- Location in the Governorate of Estonia
- Country: Russian Empire
- Governorate: Estonia
- Established: 1745
- Abolished: 1920
- Capital: Hapsal

Area
- • Total: 4,697.92 km^{2} (1,813.88 sq mi)

Population (1897)
- • Total: 82,077
- • Density: 17.471/km^{2} (45.249/sq mi)

= Wiek County =

Uyezd in Estonia Governorate, Russian Empire

Wiek County (Kreis Wiek or Kreis Hapsal, Lääne kreis, Гапсальскій/Викскій уѣздъ) was one of the four counties of the Russian Empire located in the Governorate of Estonia. It was situated in the western part of the governorate (in the northwestern part of present-day Estonia).

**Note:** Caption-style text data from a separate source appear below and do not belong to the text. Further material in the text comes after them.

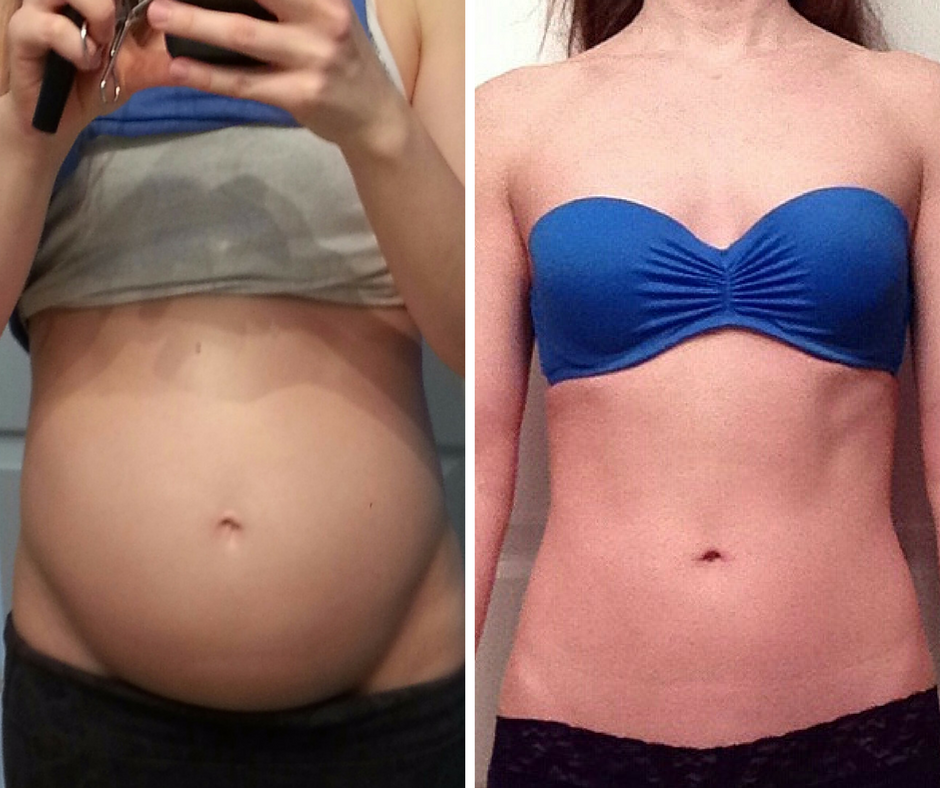 SIBO Belly: Causes, Symptoms, Treatment & Diet Guide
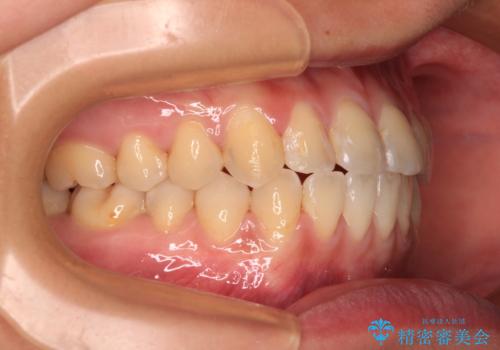 前歯のクロスバイトを治したい　ワイヤー装置による矯正治療の治療後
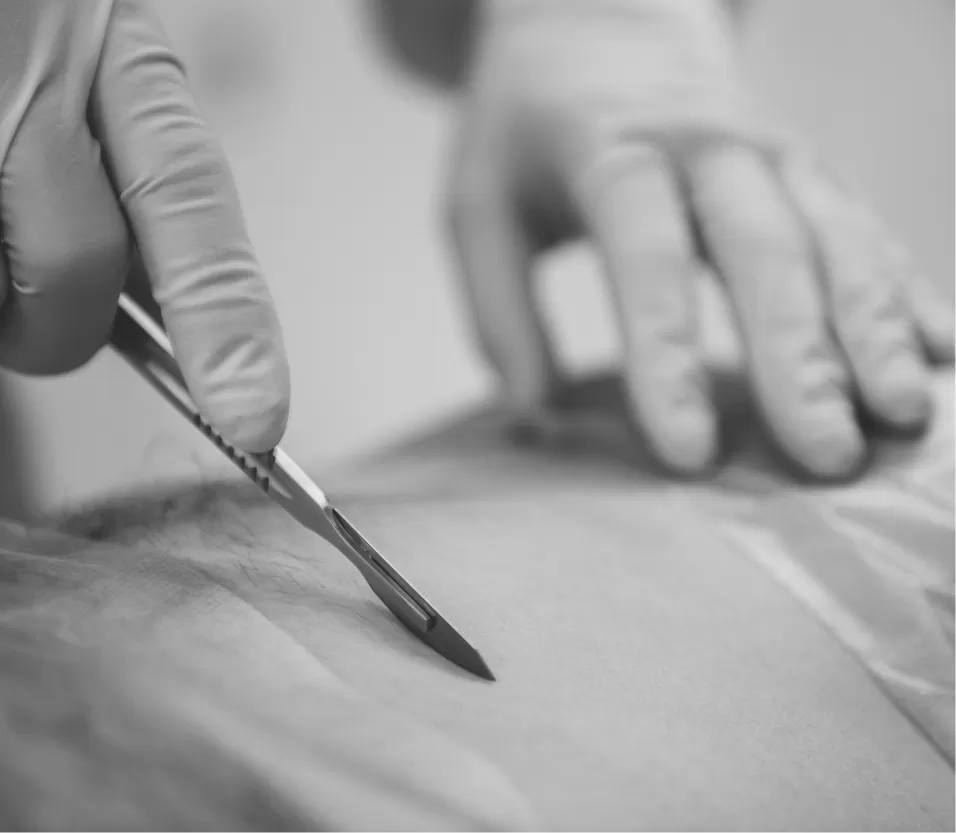 A gloved surgeon holding a scalpel over a patient's skin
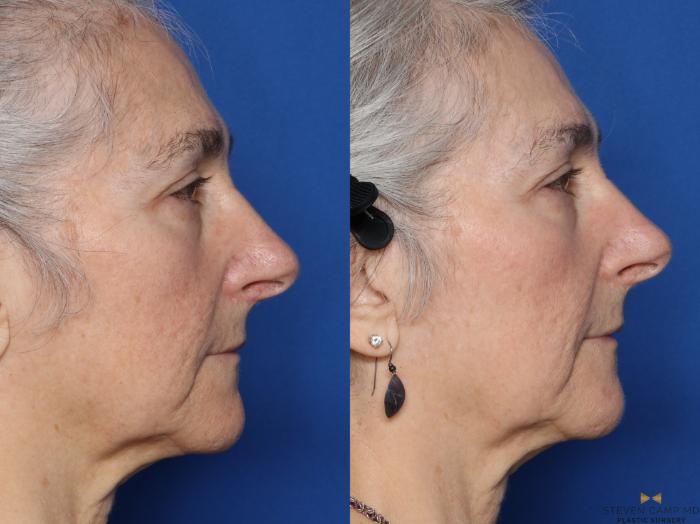 Before & After Sciton Laser Case 564 Right Side View in Fort Worth & Arlington, Texas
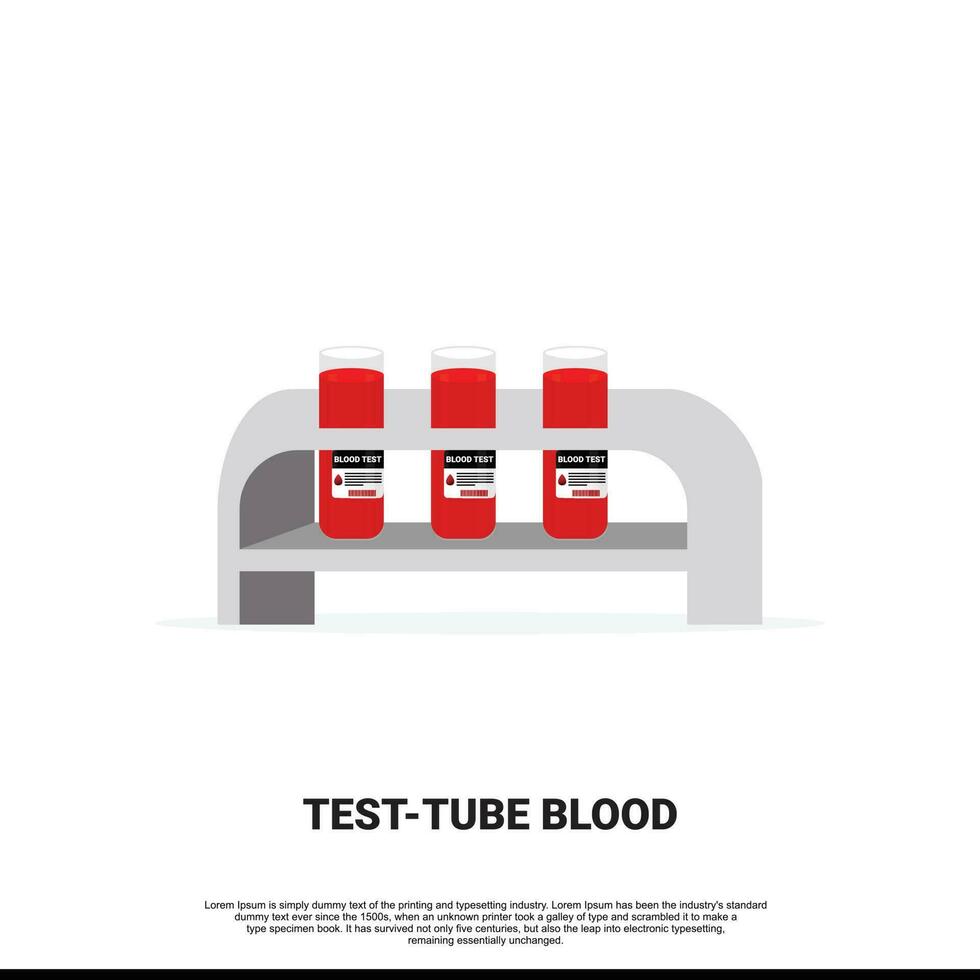 médico tubo de ensayo con sangre muestras, aislado vector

Its capital was Haapsalu (Hapsal). The territory of Wiek County corresponds to present-day Lääne and Hiiu counties, the westernmost part of Rapla County, and a small part of Pärnu County.

==Demographics==
At the time of the Russian Empire Census of 1897, Wiek County had a population of 82,077. Of these, 92.2% spoke Estonian, 5.6% Swedish, 1.2% German, 0.6% Russian, 0.2% Ukrainian, and 0.1% Latvian as their native language.